(Brief descriptive captions)
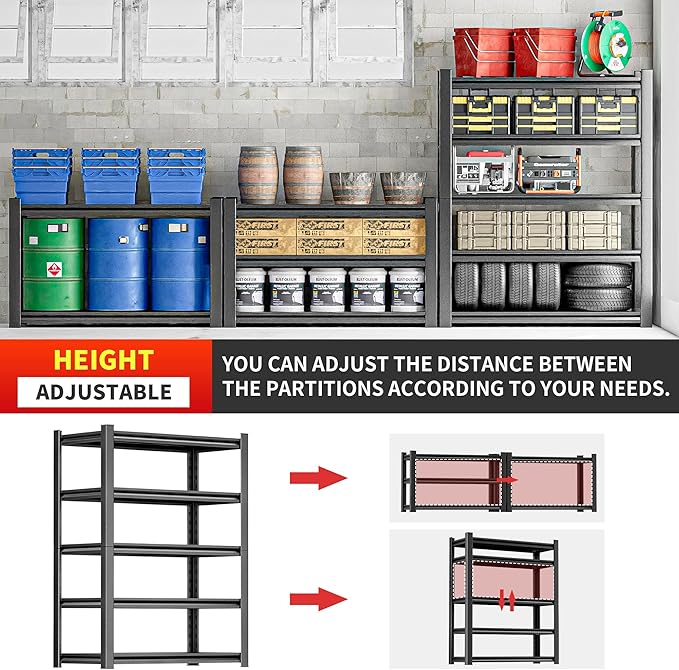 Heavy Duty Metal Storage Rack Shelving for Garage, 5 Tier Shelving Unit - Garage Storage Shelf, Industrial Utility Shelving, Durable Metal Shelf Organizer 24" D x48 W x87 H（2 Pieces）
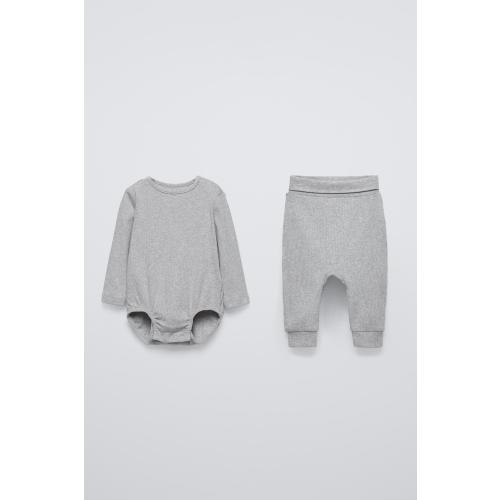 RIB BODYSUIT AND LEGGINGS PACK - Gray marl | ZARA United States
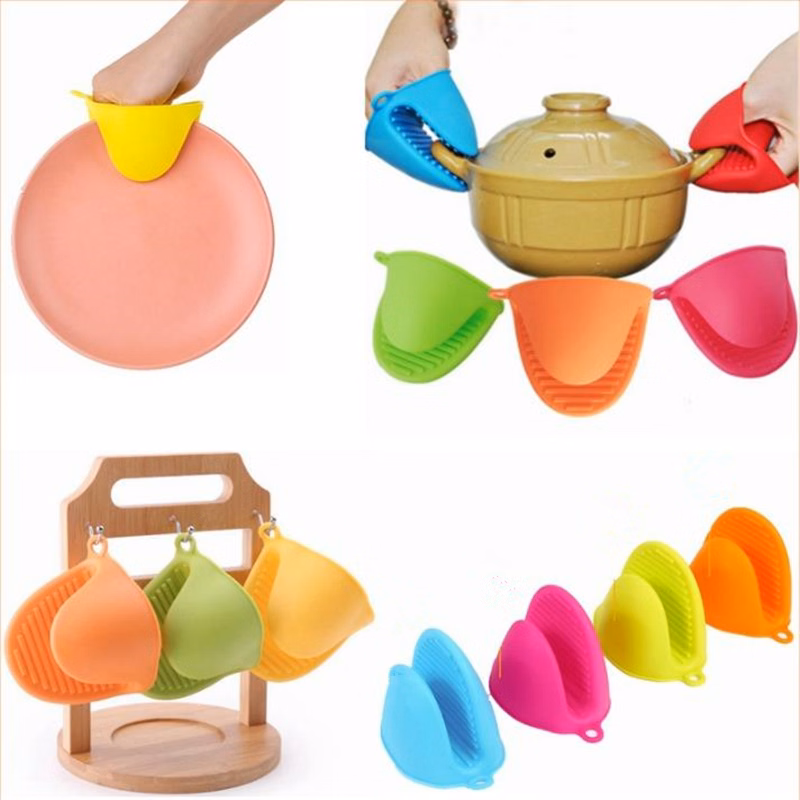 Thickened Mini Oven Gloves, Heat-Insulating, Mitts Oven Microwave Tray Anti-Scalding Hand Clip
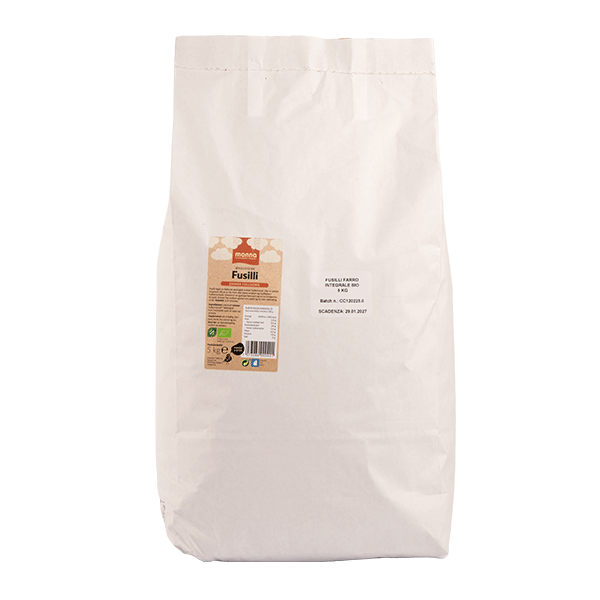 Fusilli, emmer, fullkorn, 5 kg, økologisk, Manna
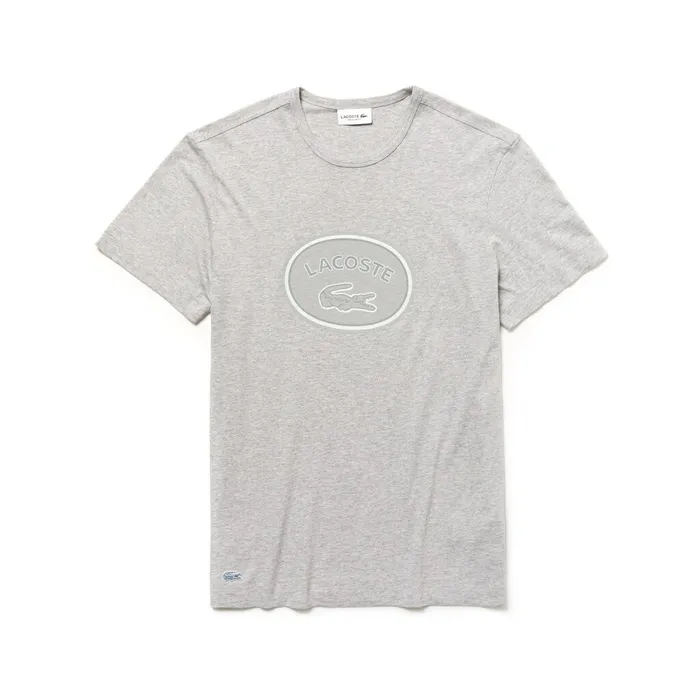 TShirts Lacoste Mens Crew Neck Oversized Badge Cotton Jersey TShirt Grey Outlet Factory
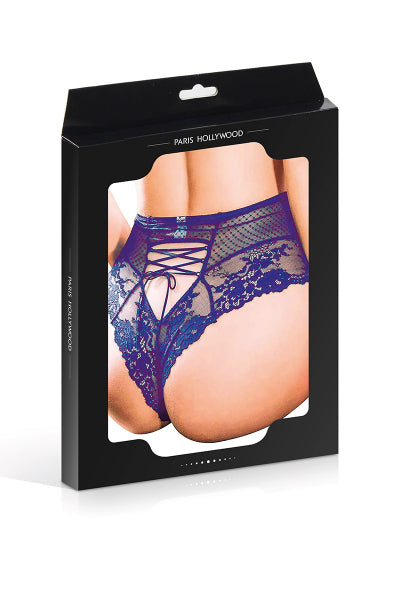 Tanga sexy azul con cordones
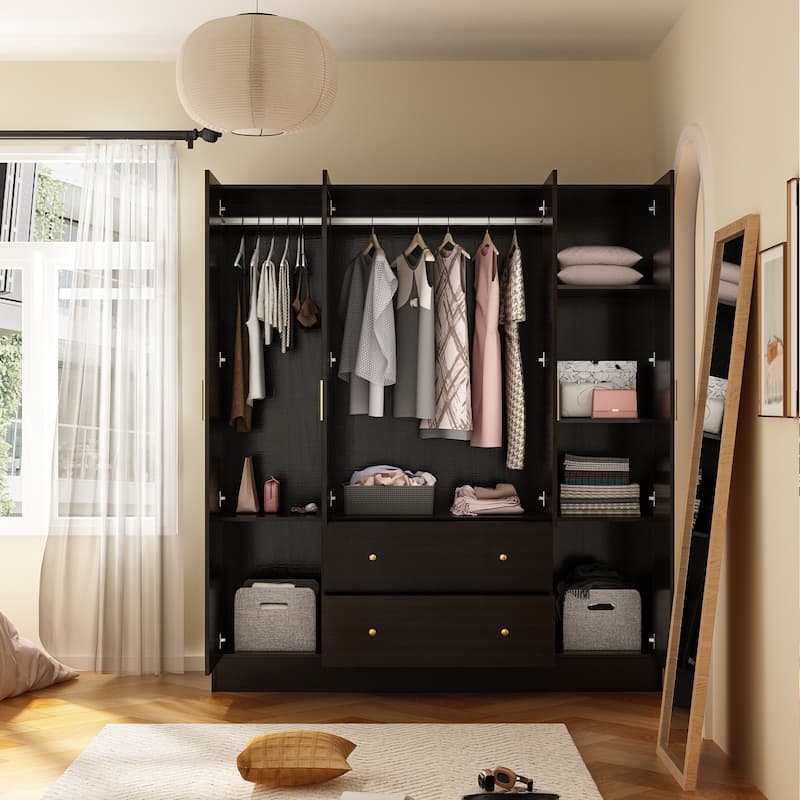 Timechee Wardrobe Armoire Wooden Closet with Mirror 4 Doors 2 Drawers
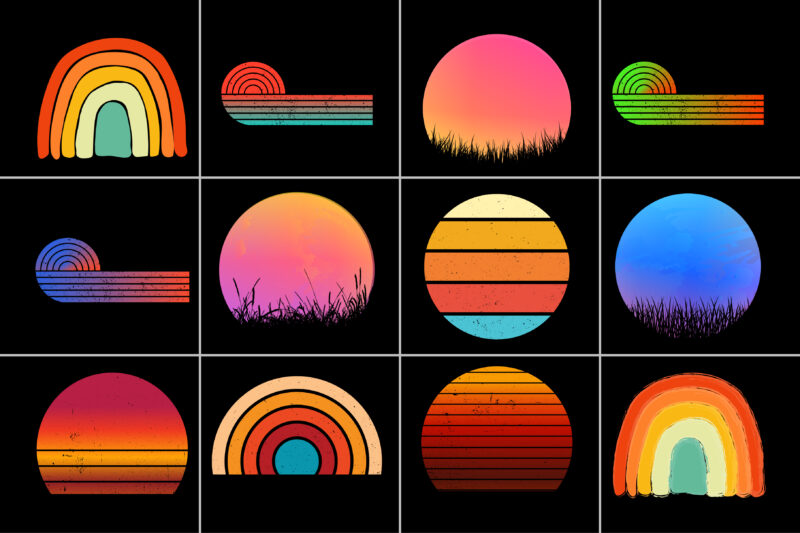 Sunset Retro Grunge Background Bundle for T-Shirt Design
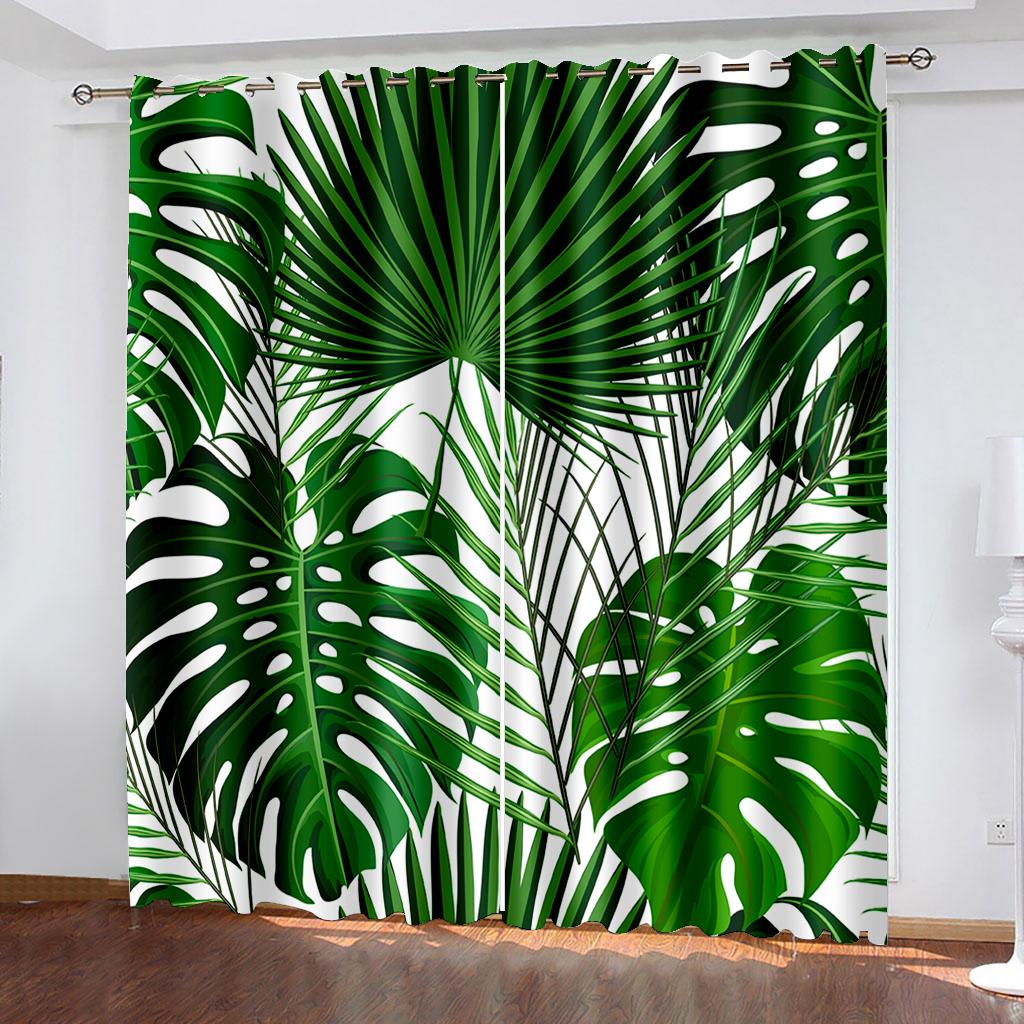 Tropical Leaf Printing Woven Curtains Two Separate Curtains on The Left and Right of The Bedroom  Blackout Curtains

Work to be completed:
Pictures are to be dropped, and the remaining data set down exactly.

Finished exercise:
 Heavy Duty Metal Storage Rack Shelving for Garage, 5 Tier Shelving Unit - Garage Storage Shelf, Industrial Utility Shelving, Durable Metal Shelf Organizer 24" D x48 W x87 H（2 Pieces）
 RIB BODYSUIT AND LEGGINGS PACK - Gray marl | ZARA United States
 Thickened Mini Oven Gloves, Heat-Insulating, Mitts Oven Microwave Tray Anti-Scalding Hand Clip
 Fusilli, emmer, fullkorn, 5 kg, økologisk, Manna
 TShirts Lacoste Mens Crew Neck Oversized Badge Cotton Jersey TShirt Grey Outlet Factory
 Tanga sexy azul con cordones
 Timechee Wardrobe Armoire Wooden Closet with Mirror 4 Doors 2 Drawers
 Sunset Retro Grunge Background Bundle for T-Shirt Design
 Tropical Leaf Printing Woven Curtains Two Separate Curtains on The Left and Right of The Bedroom  Blackout Curtains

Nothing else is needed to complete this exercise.